Now, based on the trailer for episode four, she's set to make her glorious, conniving return, but what exactly does that mean? For so long, the Night King seemed like the wildcard in the world of Thrones. He was, after all, an inhuman creature with no discernible motivations, so it makes sense that Jon Snow had dedicated his life to screaming about the need for allies to defeat the White Walker leader. But now the Night King is dead and gone, leaving Cersei the last person standing in the way of our heroes. Is it possible that her insane, nonsensical "plan" will play out exactly as she envisioned it?
From the start of the season, Cersei's plan was somewhat, shall we say, confusing. She chose to sit out the Battle of Winterfell, thinking that if her living enemies did the dirty work, she'd just have to clean up and stay put on the Iron Throne. But if Jon Snow, Daenerys, and their crew had lost, she would've been basically powerless against the Night King. It didn't seem like a smart gamble.
Now that the living have won, though, it's questionable whether she's at a disadvantage. On the one hand, she doesn't have any dragons (or elephants, for that matter). On the other, as one Reddit user pointed out, she's got wildfire, probably some dragon-killing arrows, the Golden Company, Euron's fleet, and she's fighting forces that have suffered major losses.
The footage we do have doesn't offer many clues as to what the unfolding conflict will look like from King's Landing. Cersei's amassing her forces, her slime-tastic beau by her side. She's switched up her black robes for deep red ones. If nothing else, she looks damn good, all sleek and ready to murder.
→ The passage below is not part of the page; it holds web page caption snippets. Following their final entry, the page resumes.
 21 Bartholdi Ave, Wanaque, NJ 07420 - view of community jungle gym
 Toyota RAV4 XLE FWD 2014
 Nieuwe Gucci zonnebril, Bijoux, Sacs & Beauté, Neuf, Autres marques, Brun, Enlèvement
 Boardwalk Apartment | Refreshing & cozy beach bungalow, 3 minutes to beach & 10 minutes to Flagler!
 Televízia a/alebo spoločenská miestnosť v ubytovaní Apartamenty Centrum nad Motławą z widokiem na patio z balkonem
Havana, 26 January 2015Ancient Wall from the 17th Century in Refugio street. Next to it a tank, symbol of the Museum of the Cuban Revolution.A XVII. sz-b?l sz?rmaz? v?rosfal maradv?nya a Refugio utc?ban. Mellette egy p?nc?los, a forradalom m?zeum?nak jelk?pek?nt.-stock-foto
The fact that this is the endgame scenario for Game of Thrones has proven controversial in itself, three episodes before we'll find out who sits on the Iron Throne when it's all said and done. "The Long Night" exposed a stark divide in what fans think Game of Thrones is ultimately about. Is it a saga about the battle between the living and the dead? Or is it a political allegory with some fantasy elements, more about the interpersonal relationships between warring clans?
While the series has consistently emphasized the White Walker threat, the most compelling narratives have been the human ones. The creatures beyond the wall were frightening when used to devastate the living in close combat and show their overwhelming power over death, like in "Hardhome," but have long only been as relevant as the allegiances they spurred.
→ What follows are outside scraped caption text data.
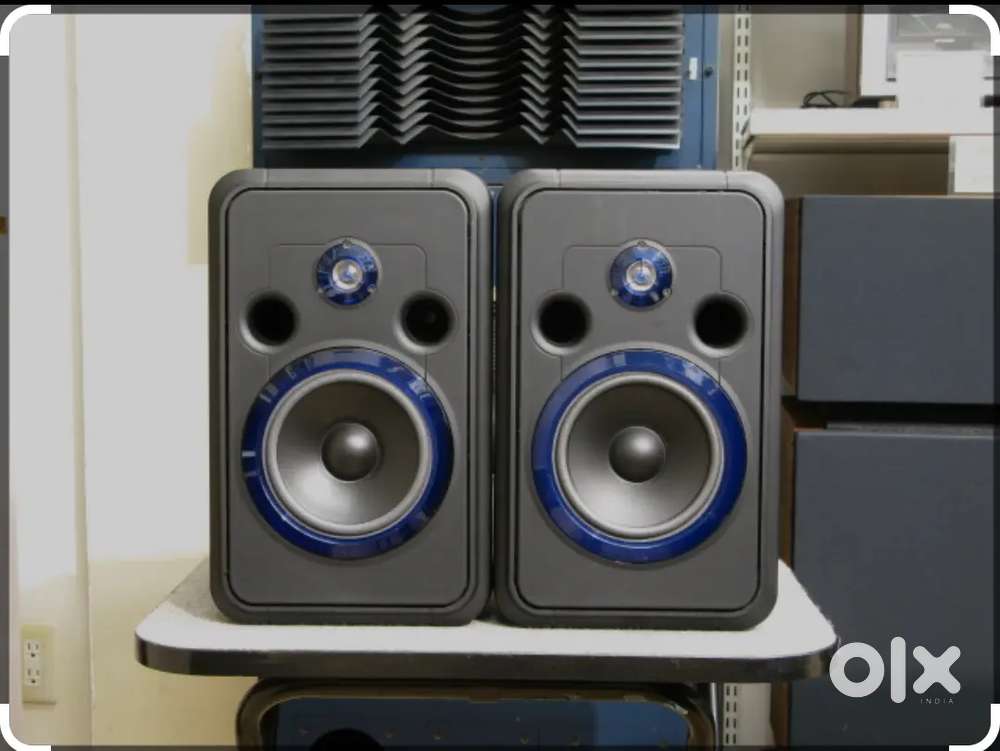 Hi END JBLCM62 control speakers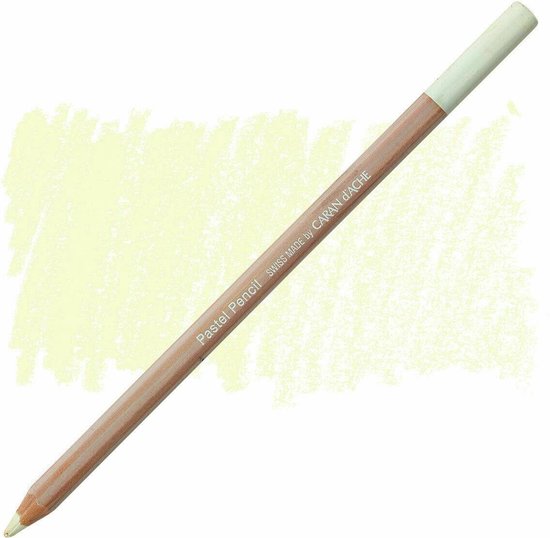 Pastel potlood Bismuth White van Caran d'Ache, met beige houten omhulsel en lichtgele pastel.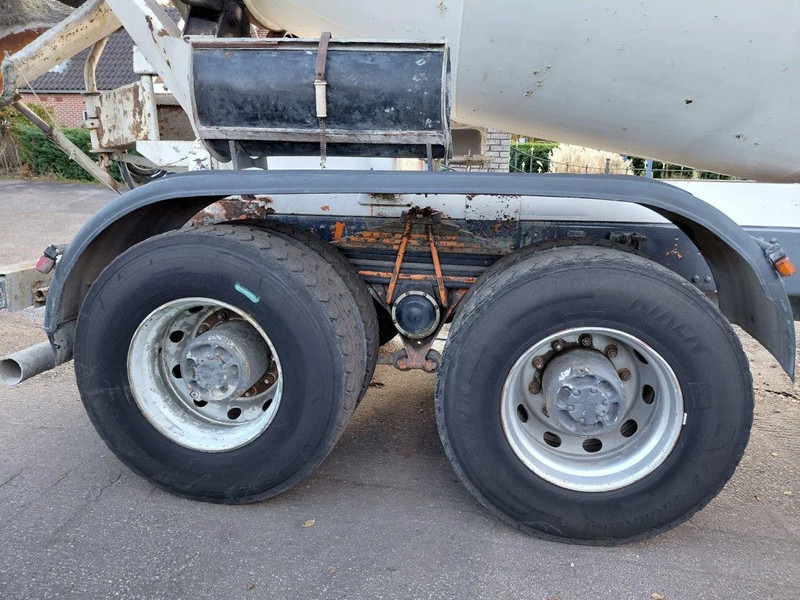 Concrete mixer truck Volvo FM 12.340 8x4 Mixer Steel Suspension: picture 10 Concrete mixer truck Volvo FM 12.340 8x4 Mixer Steel Suspension: picture 10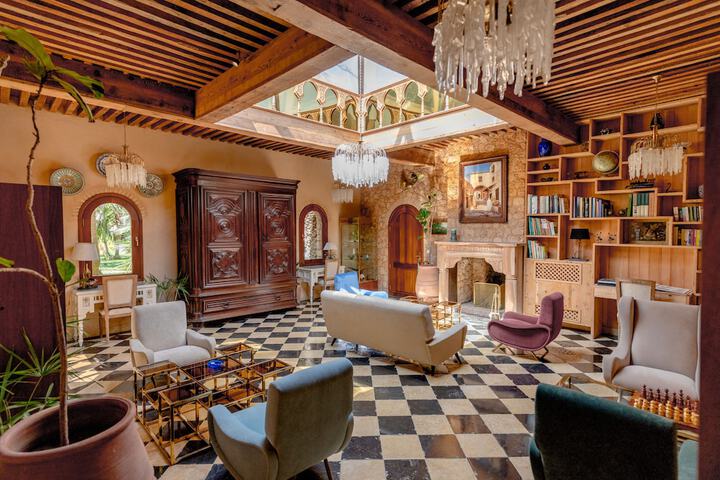 Hotel Lobby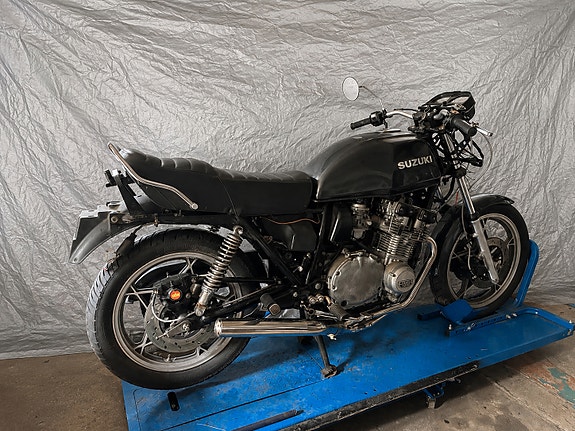 Suzuki GSX750 2 of 6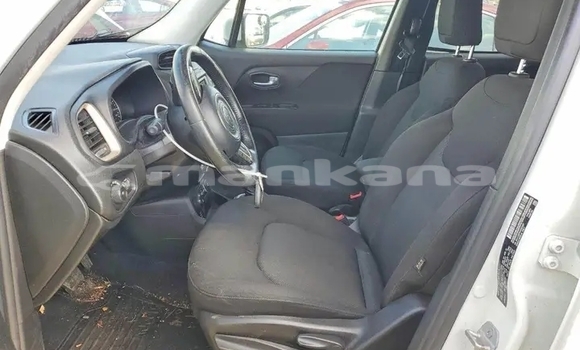 Buy Used Jeep Renegade White Car in Batumi in Ajaria Buy Used Jeep Renegade White Car in Batumi in Ajaria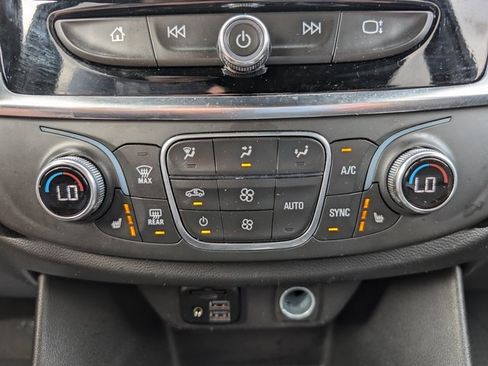 Used 2023 Chevrolet Traverse RS w/ LPO, Floor Liner Package image 27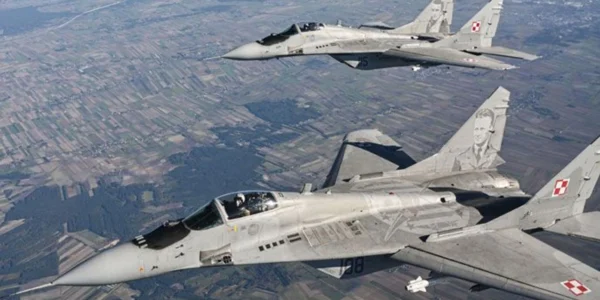 Польща підняла в небо винищувачі та привела системи ППО у готовність через масований обстріл України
The Battle of Winterfell did elicit an "is that all there is?" reaction from a large portion of the fanbase, in part because the episode on the whole was something of a mess. But the fact that all the blue-eyed baddies have shattered into pieces also feels like something of a relief. The first three installments of the final season chugged along to the big fight with a grim inevitability. Now, for the first time this year, it's hard to predict what's going to happen, and that's genuinely exciting.
And, of course, it's always going to be more complicated than just whether or not Cersei lives or dies. The promo indicates that Daenerys aims to "rip her out root and stem," but the Dragon Queen herself has interpersonal issues to work out in the meantime. Dany and Jon Snow have yet to deal with the revelation that he, in fact, is a Targaryen, and she clearly hasn't won Sansa Stark's unwavering loyalty. Considering neither Daenerys (nor Jon Snow, for that matter) were all that effective in fighting the Night King, their leadership skills may come into question, while Arya's victory could be celebrated. (And what about the youngest Stark's relationship with Gendry? Is he more than just a bastard?)
Meanwhile, Cersei is far more than just a boring, silent, evil force. (Sorry Night King, but you were not very intriguing.) Her motives are self-serving and her tactics are cruel, but she's also a woman who has survived trauma herself. Now she's been all but abandoned by the only person that seemed to love her unequivocally, her brother Jaime. To that point, she's ordered Jaime's onetime pal, Bronn, to murder both him and Tyrion. An infinite number of possibilities can evolve out of these dynamics, and the show will (hopefully) be better for it. Will Cersei's army take down the two remaining dragons? Will her bribe of Bronn result in the complete extinction of all but one Lannister? Is she really going to stay with Euron?
Bran knew exactly where the Night King was heading. Cersei is unpredictable. That's what makes her thrilling.